WHAT YOU SHOULD DO ->
Copy exactly, no pictures: every line from the one that contains "Pony Paradise Rides gift card" through the end of the entries below.

TASK INPUTS ->
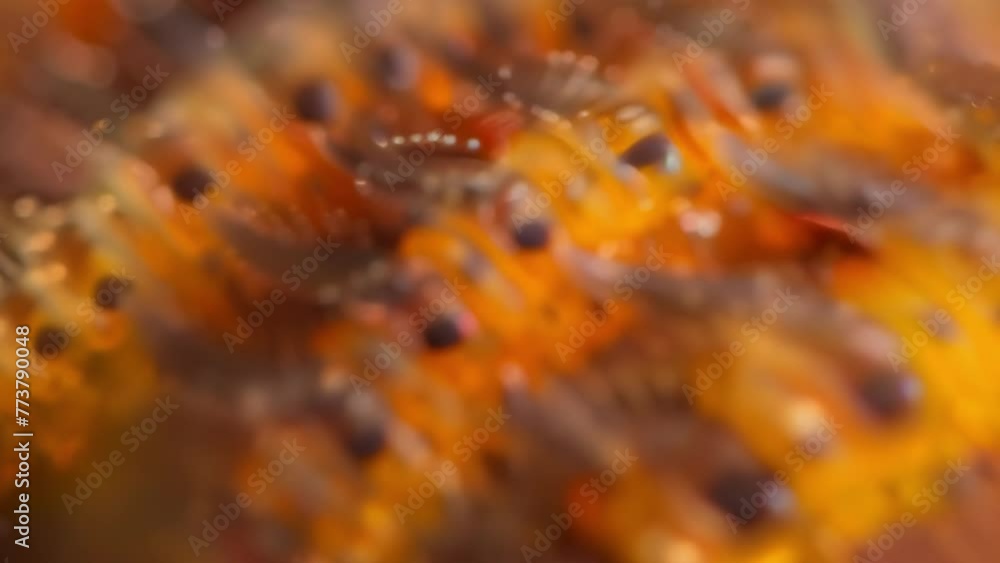 Poster a closeup view of a group of insect larvae each one displaying its unique markings and features high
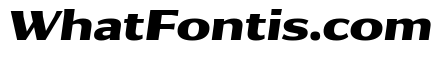 Collier Sans Extra Extended Extra Bold Italic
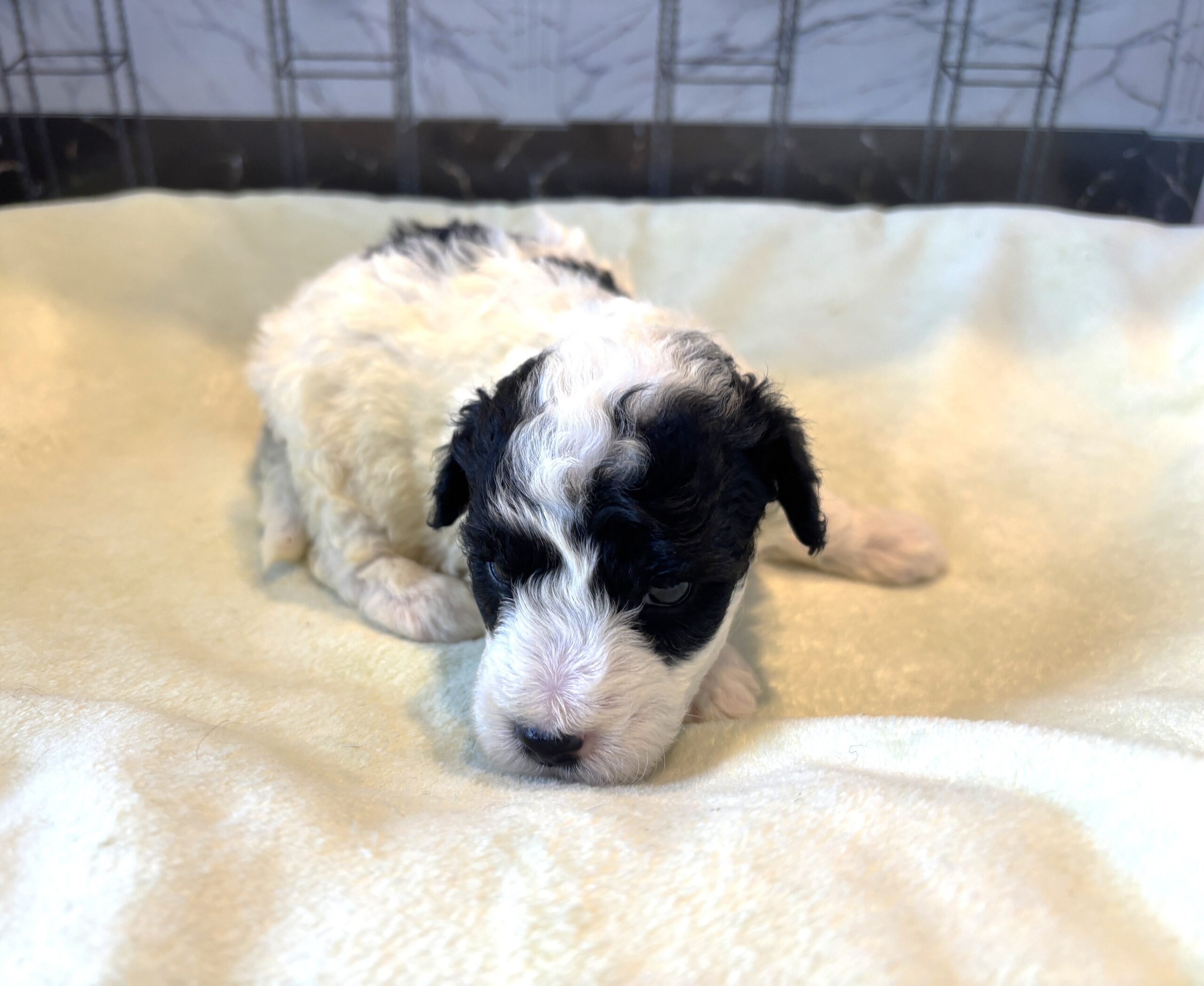 TRITON – Miniature Schnoodle $2300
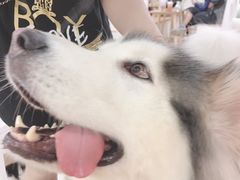 -李小姐の猫咖啡馆(五角场店)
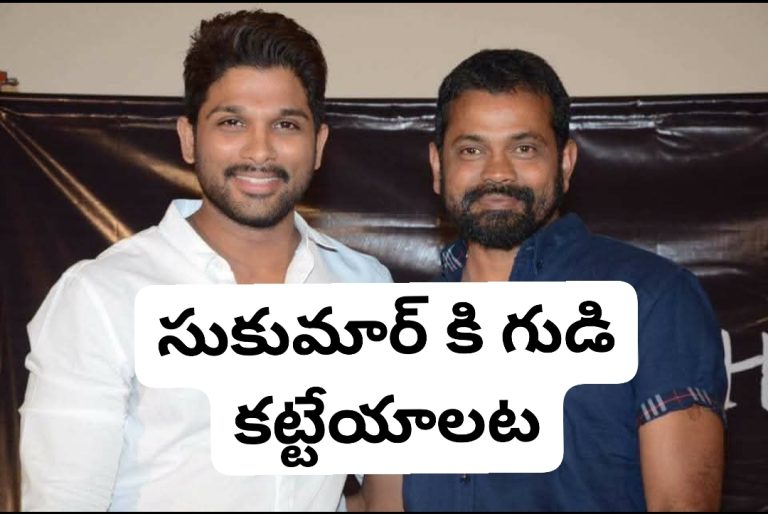 సుకుమార్ కి గుడి కట్టేయాలట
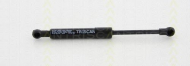 Газовая пружина TRISCAN 8710 20106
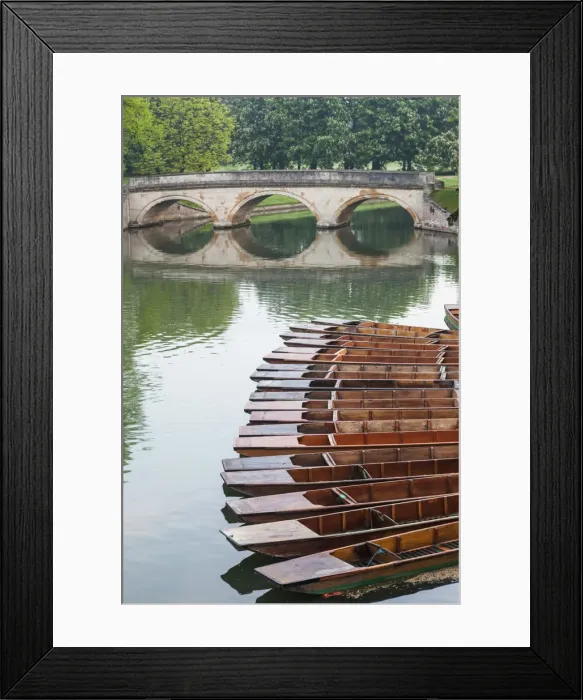 Framed Print : England, Cambridgeshire, Cambridge, The Backs Framed Print : England, Cambridgeshire, Cambridge, The Backs
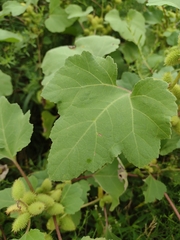 Xanthium orientale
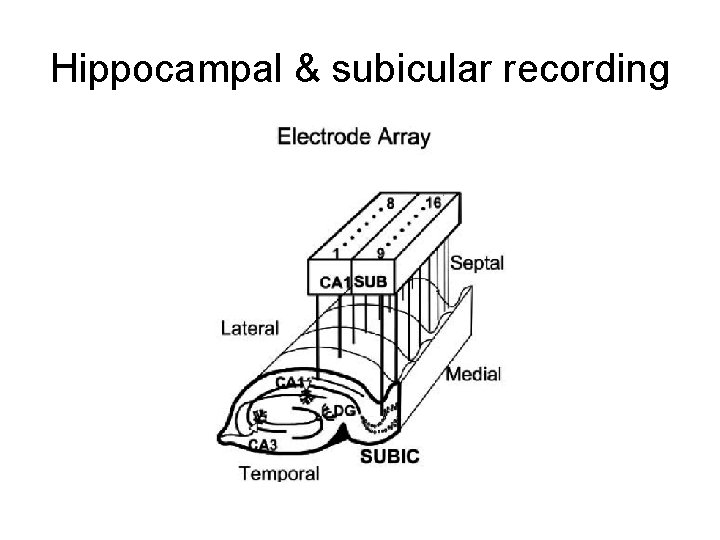 Hippocampal & subicular recording 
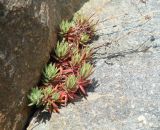 Saxifraga spinulosa. Плодоносящее растение, Иркутская обл. Шелеховский р-н, окр. с. Шаманка, скала на берегу р. Иркут, близ устья р. Куйтун. 05.07.2016.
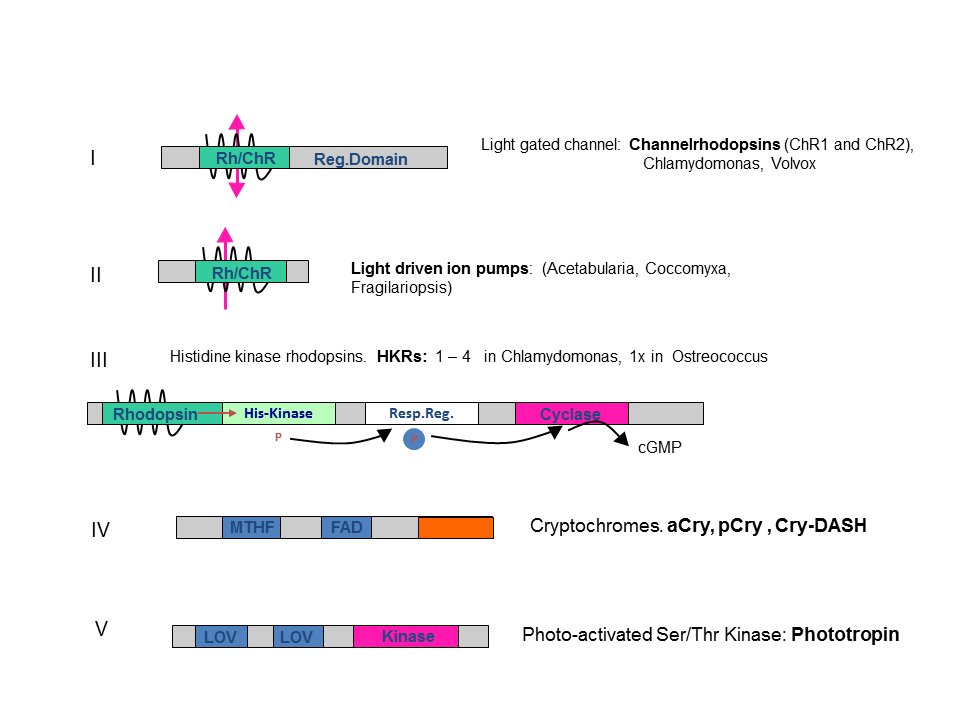 Photoreceptors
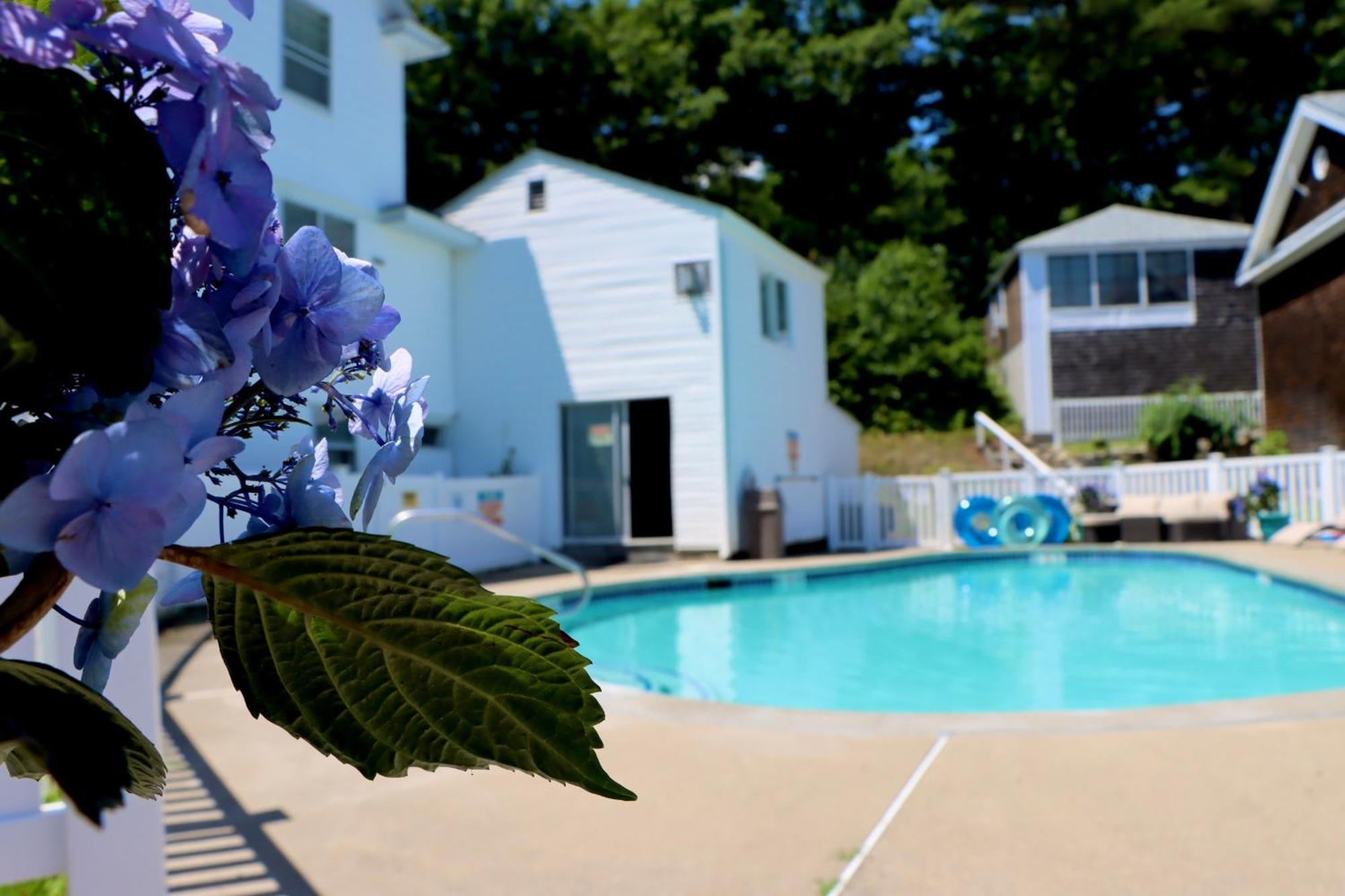 Sea View Motel Ogunquit Kültér fotó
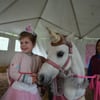 Pony Paradise Rides gift card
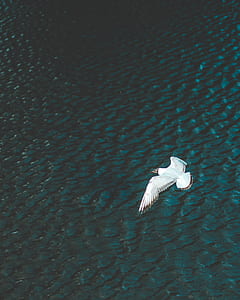 white and brown seagull flying over the large body of water during daytime thumbnail
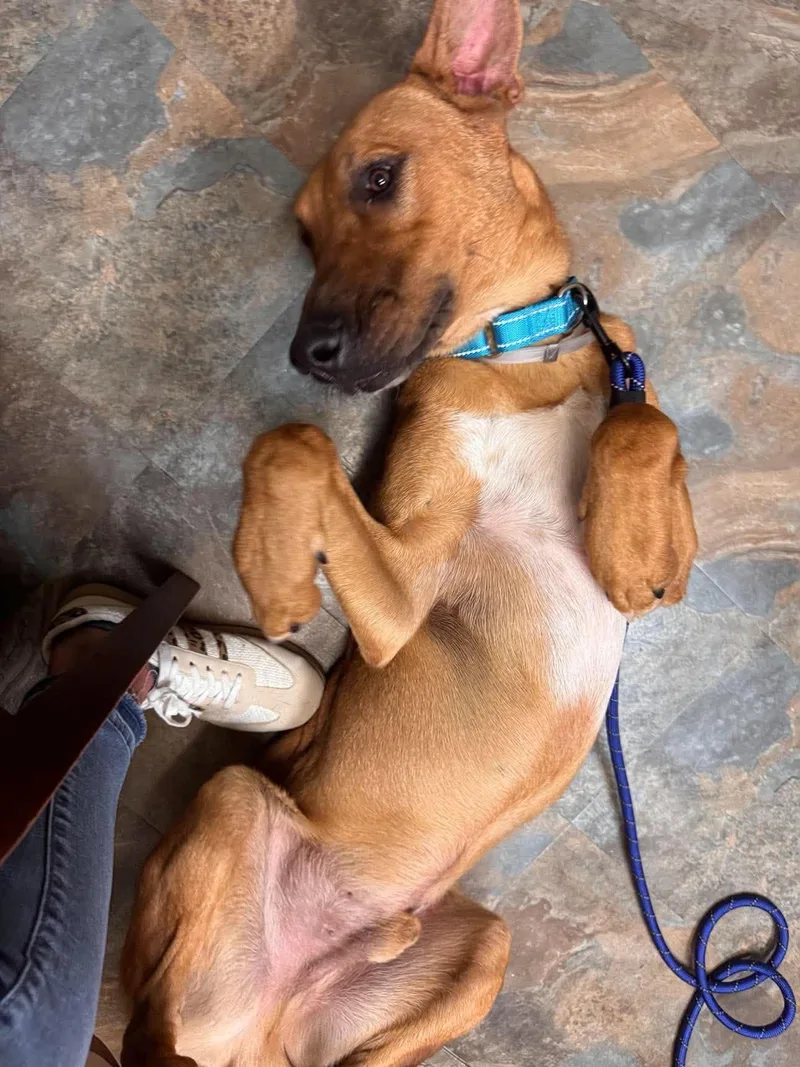 An adult large-sized male Rhodesian Ridgeback dog named Rocky Gentle Giant for adoption in Sugar Land, TX
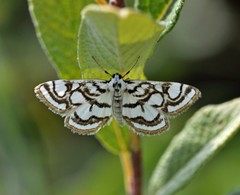 Nymphula nitidulata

OUTPUT FOR THIS EXERCISE ->
 Pony Paradise Rides gift card
 white and brown seagull flying over the large body of water during daytime thumbnail
 An adult large-sized male Rhodesian Ridgeback dog named Rocky Gentle Giant for adoption in Sugar Land, TX
 Nymphula nitidulata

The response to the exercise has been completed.